→ **INSTRUCTIONS TO FOLLOW**
Below are some records. Return exactly the lines from the one with "Catto Creek Topographic" to the one with "Murano Bubble Egg", and nothing else.

→ **DATA PROVIDED**
▼

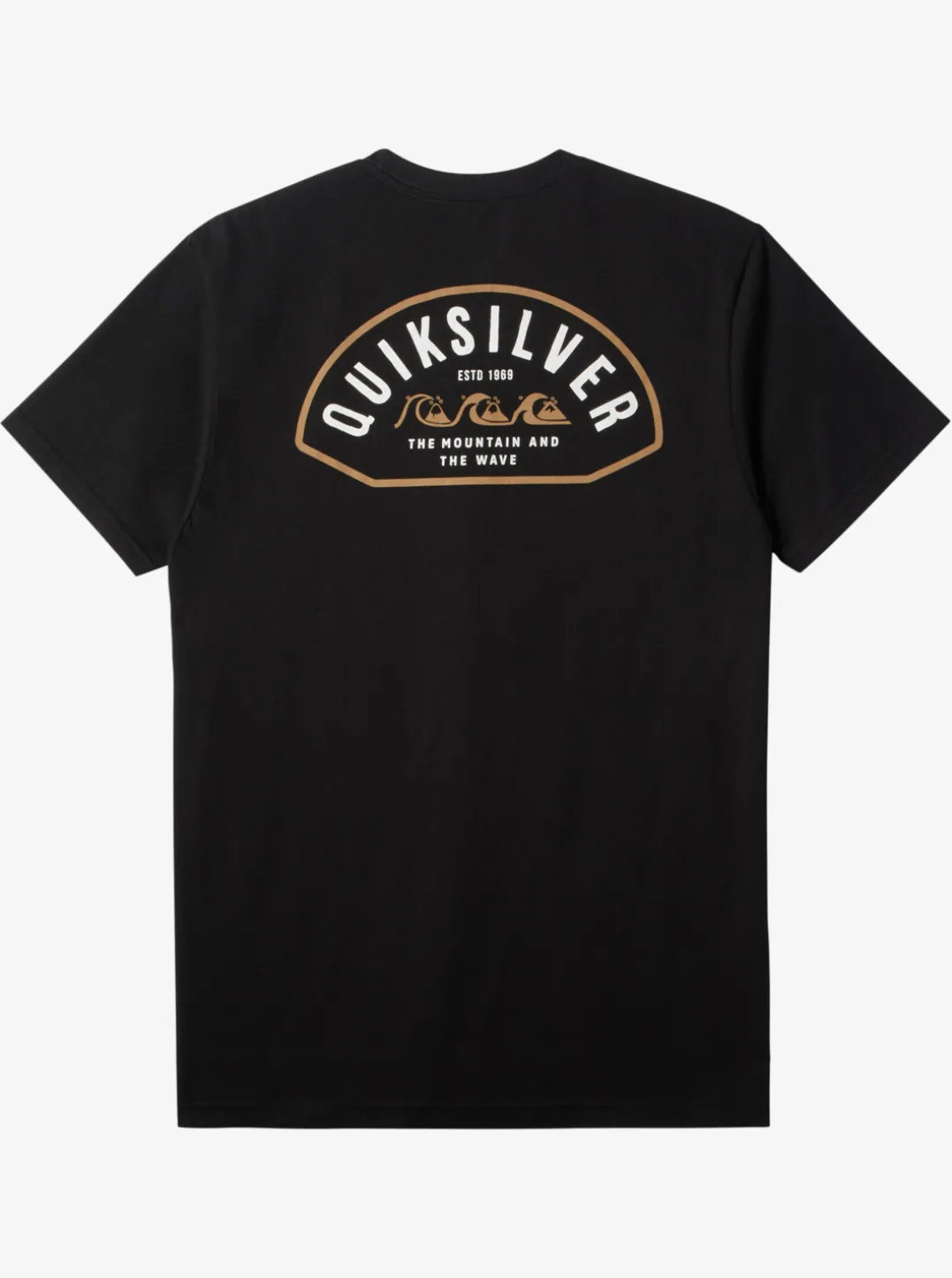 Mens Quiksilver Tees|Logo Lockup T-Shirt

▲
▼

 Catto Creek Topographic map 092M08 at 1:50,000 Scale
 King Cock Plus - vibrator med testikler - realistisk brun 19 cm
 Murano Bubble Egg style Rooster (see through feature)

▲

→ **EXERCISE RESULT**
 Catto Creek Topographic map 092M08 at 1:50,000 Scale
 King Cock Plus - vibrator med testikler - realistisk brun 19 cm
 Murano Bubble Egg style Rooster (see through feature)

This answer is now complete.